* Exercise objective: Restate word for word the entries below, starting with the line with "11, OWLSMOOR ROAD, OWLSMOOR, SANDHURST, GU47" and continuing through the line with "Floral Embroidered Raglan". Include both of those lines and no others.

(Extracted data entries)
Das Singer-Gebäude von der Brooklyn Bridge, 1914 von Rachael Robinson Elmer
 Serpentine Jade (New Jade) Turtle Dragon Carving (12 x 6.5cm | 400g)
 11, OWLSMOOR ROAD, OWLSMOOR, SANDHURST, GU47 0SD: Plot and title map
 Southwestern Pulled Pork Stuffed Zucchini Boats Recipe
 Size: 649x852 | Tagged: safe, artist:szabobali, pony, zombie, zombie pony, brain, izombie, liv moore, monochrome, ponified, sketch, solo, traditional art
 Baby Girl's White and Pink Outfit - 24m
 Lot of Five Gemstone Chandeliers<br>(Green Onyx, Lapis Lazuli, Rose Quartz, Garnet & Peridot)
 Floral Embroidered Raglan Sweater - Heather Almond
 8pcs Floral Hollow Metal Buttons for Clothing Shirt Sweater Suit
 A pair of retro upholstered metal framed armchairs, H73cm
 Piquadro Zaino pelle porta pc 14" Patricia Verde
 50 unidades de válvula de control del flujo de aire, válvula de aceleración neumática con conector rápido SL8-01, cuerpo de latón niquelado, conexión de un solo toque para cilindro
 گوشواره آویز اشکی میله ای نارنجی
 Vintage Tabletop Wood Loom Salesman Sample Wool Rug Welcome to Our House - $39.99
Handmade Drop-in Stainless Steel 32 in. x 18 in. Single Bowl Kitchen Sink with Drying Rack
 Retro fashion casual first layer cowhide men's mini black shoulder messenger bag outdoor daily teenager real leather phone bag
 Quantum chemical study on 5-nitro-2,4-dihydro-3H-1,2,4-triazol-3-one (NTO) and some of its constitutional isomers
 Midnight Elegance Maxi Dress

* Answer section:
 11, OWLSMOOR ROAD, OWLSMOOR, SANDHURST, GU47 0SD: Plot and title map
 Southwestern Pulled Pork Stuffed Zucchini Boats Recipe
 Size: 649x852 | Tagged: safe, artist:szabobali, pony, zombie, zombie pony, brain, izombie, liv moore, monochrome, ponified, sketch, solo, traditional art
 Baby Girl's White and Pink Outfit - 24m
 Lot of Five Gemstone Chandeliers<br>(Green Onyx, Lapis Lazuli, Rose Quartz, Garnet & Peridot)
 Floral Embroidered Raglan Sweater - Heather Almond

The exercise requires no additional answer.